__Provided data__.
=-=-=-=-=

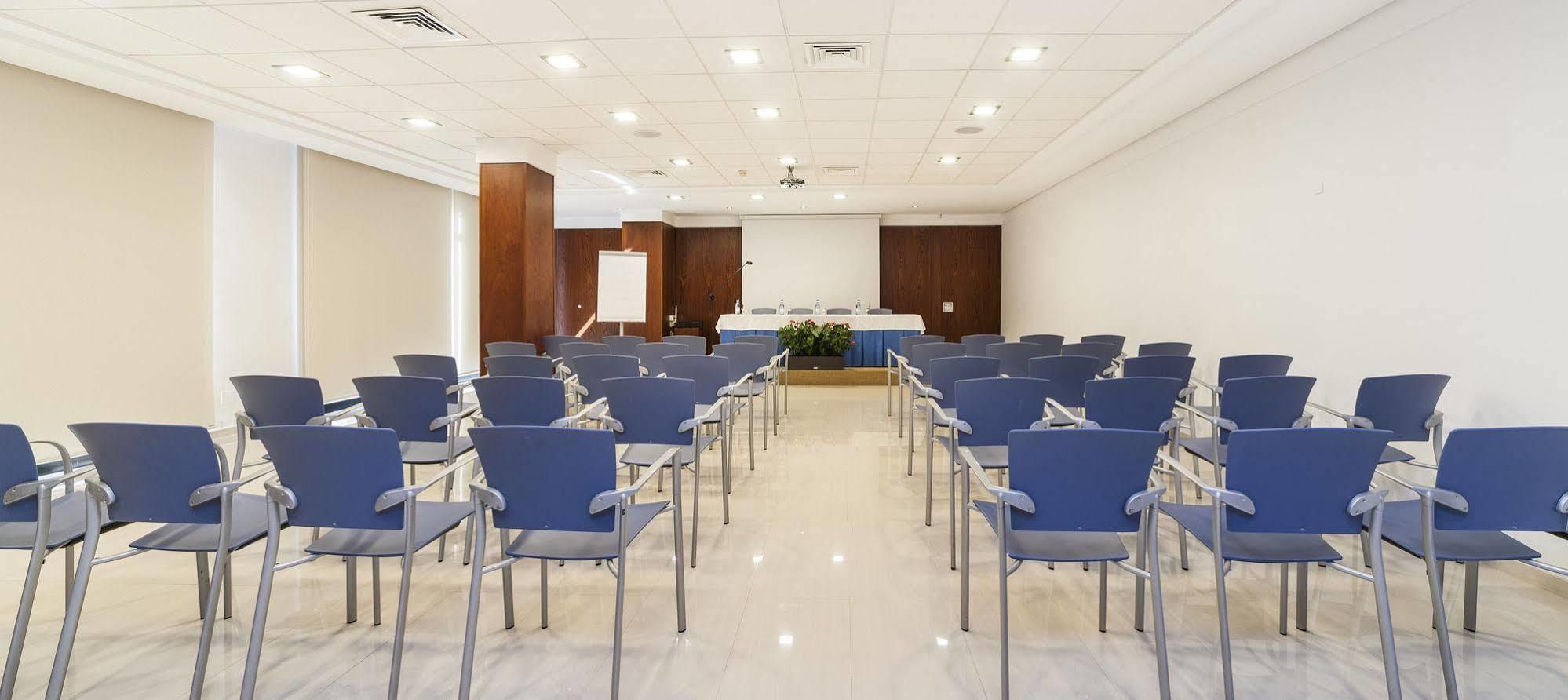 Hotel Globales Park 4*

=-=-=-=-=

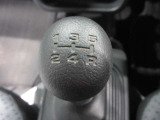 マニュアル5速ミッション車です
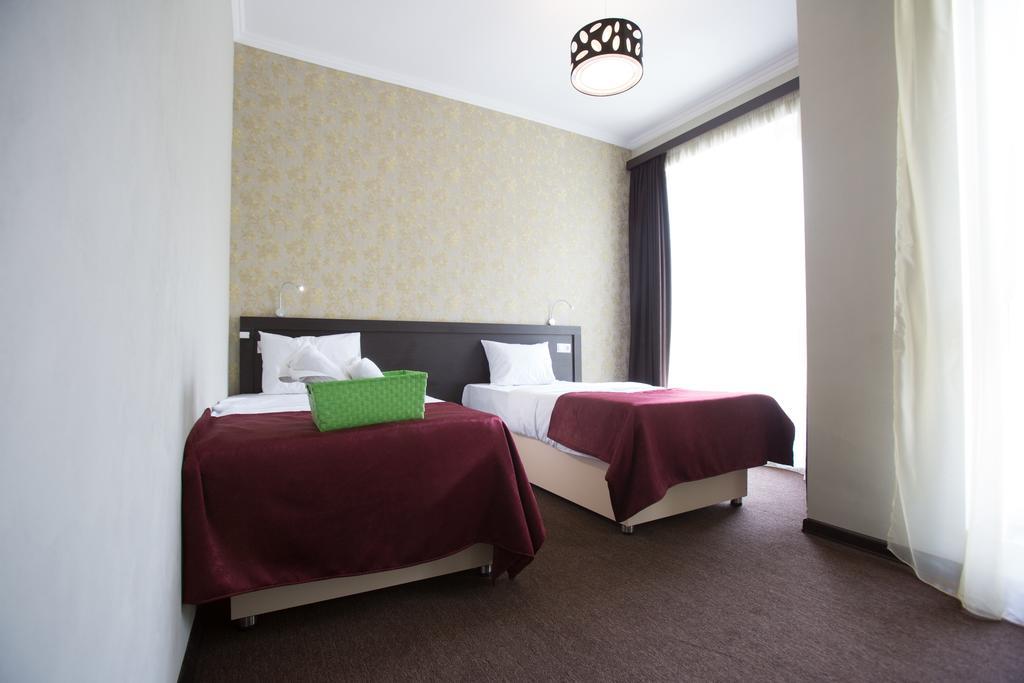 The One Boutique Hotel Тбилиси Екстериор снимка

=-=-=-=-=

__About this exercise__. In the records above, find the line with "マニュアル5速ミッション車です". Print exactly from there through the line with "The One Boutique", minus the pictures.

__Answer for this exercise__.
 マニュアル5速ミッション車です
 The One Boutique Hotel Тбилиси Екстериор снимка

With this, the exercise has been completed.